_Supplied entries_.
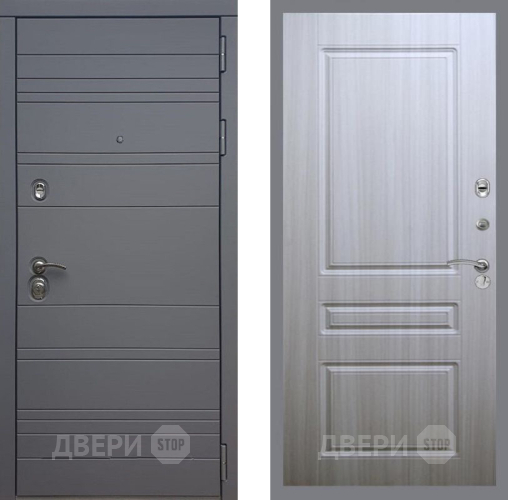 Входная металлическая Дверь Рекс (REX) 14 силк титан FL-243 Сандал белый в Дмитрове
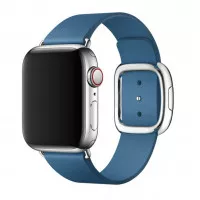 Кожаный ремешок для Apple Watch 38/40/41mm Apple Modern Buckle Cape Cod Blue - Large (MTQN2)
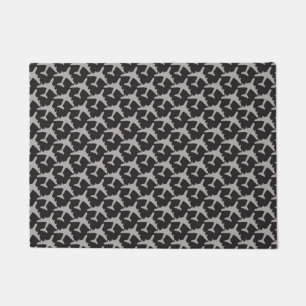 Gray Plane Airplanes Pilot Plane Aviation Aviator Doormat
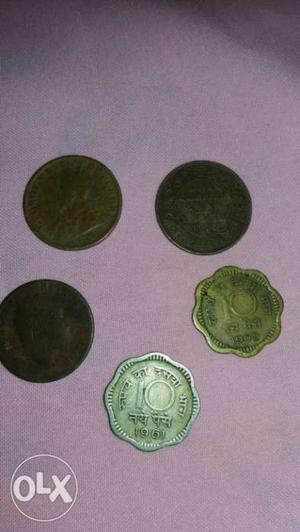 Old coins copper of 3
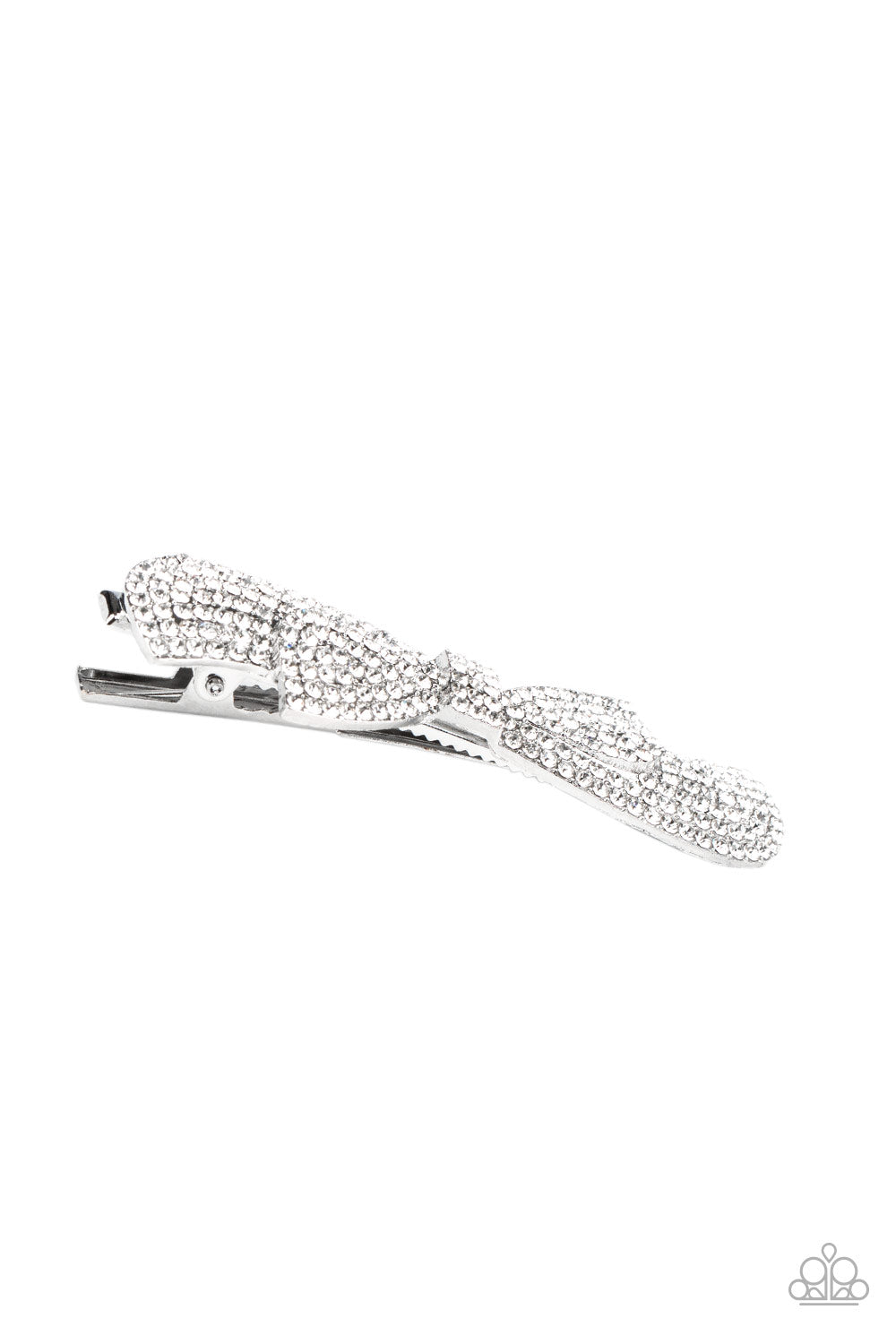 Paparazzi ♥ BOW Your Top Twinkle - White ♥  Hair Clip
==
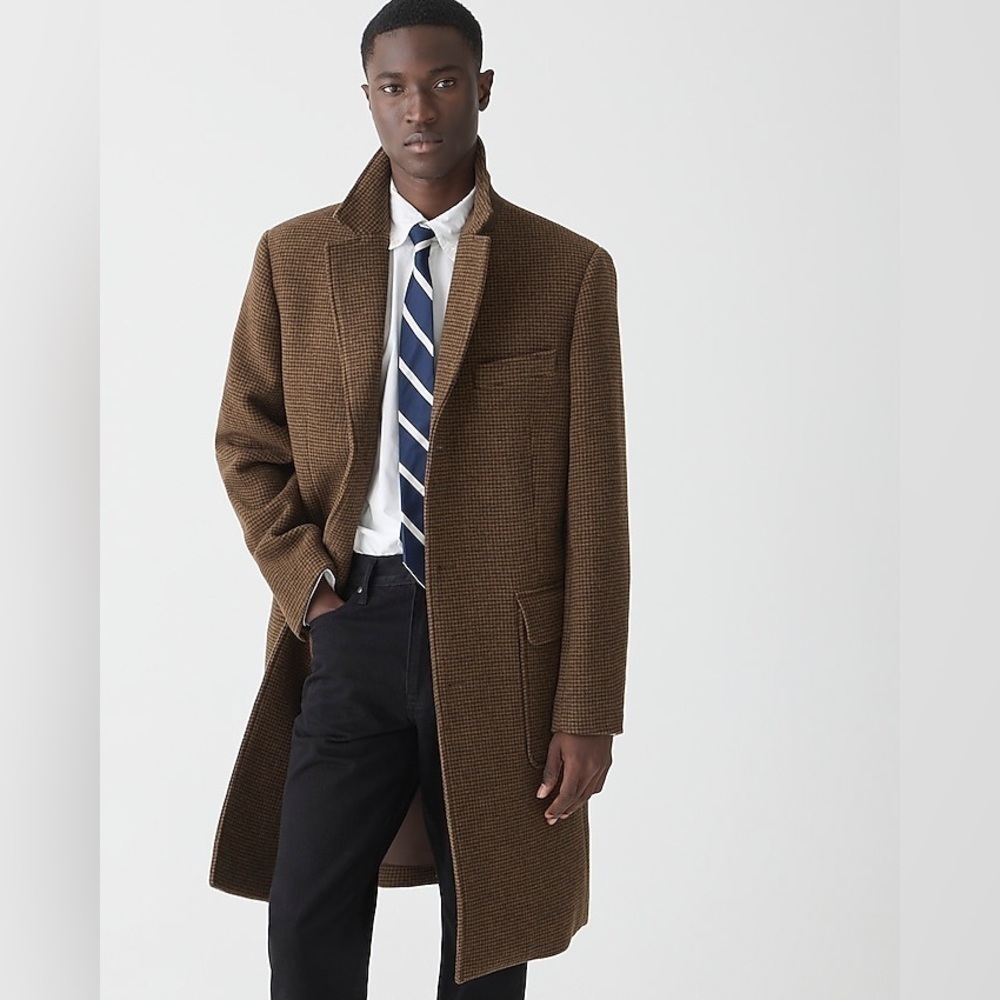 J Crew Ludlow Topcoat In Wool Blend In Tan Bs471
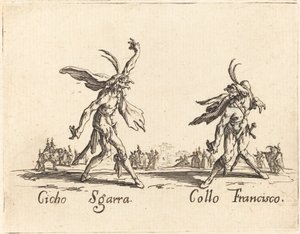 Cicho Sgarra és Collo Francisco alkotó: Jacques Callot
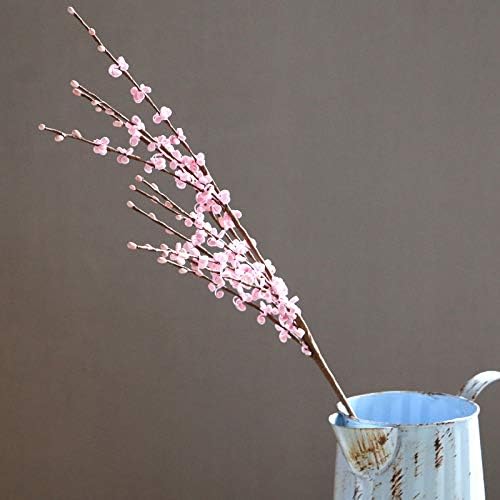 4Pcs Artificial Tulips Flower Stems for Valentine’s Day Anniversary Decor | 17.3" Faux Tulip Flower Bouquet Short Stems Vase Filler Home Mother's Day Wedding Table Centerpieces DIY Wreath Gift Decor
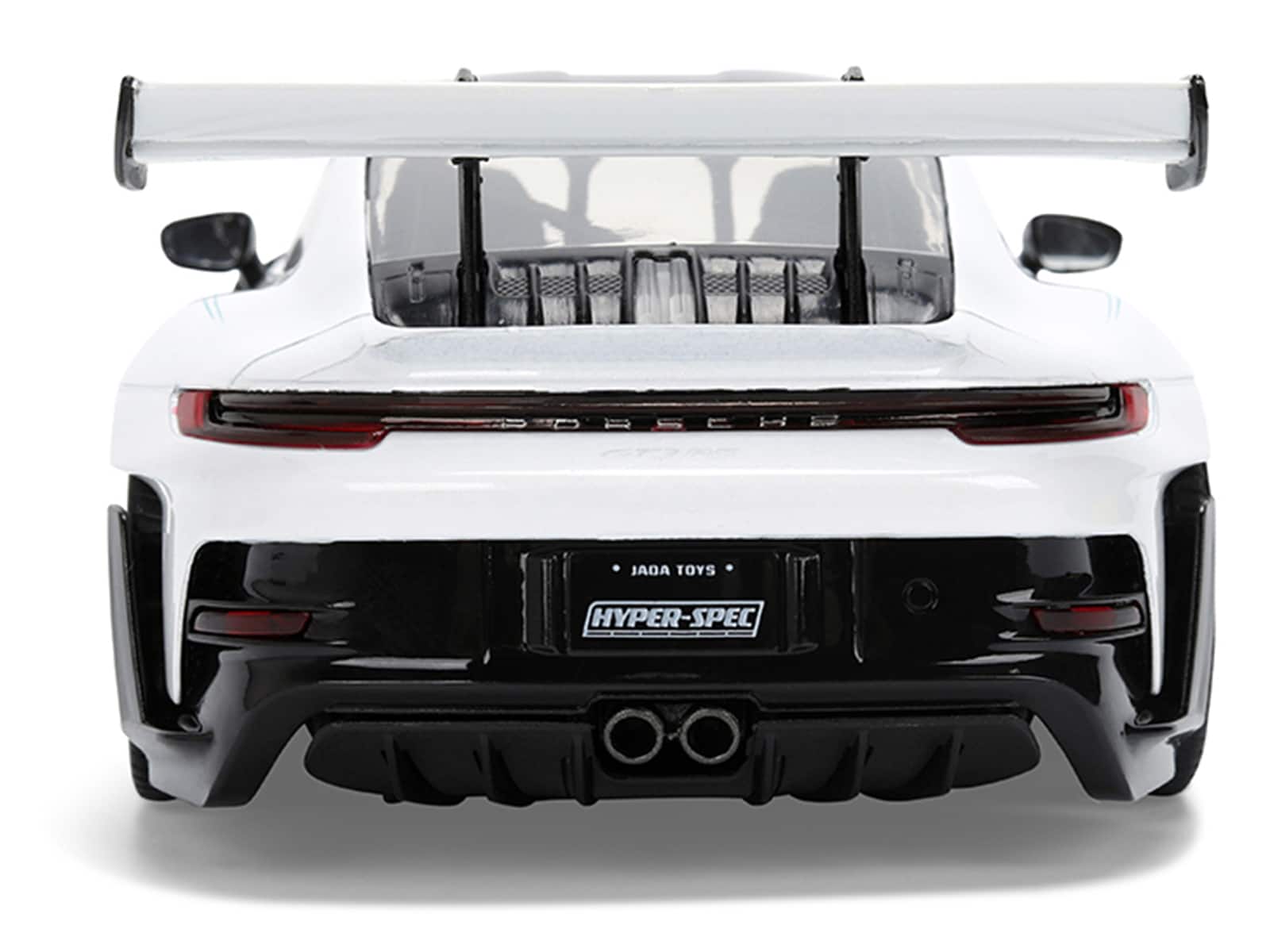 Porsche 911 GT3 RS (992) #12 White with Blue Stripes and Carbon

_Problem details_. Starting with the line that has "Кожаный ремешок для" and ending with the line that has "Paparazzi ♥ BOW", repeat the lines above exactly, omitting every picture.

_Result of the exercise_.
 Кожаный ремешок для Apple Watch 38/40/41mm Apple Modern Buckle Cape Cod Blue - Large (MTQN2)
 Gray Plane Airplanes Pilot Plane Aviation Aviator Doormat
 Old coins copper of 3
 Paparazzi ♥ BOW Your Top Twinkle - White ♥  Hair Clip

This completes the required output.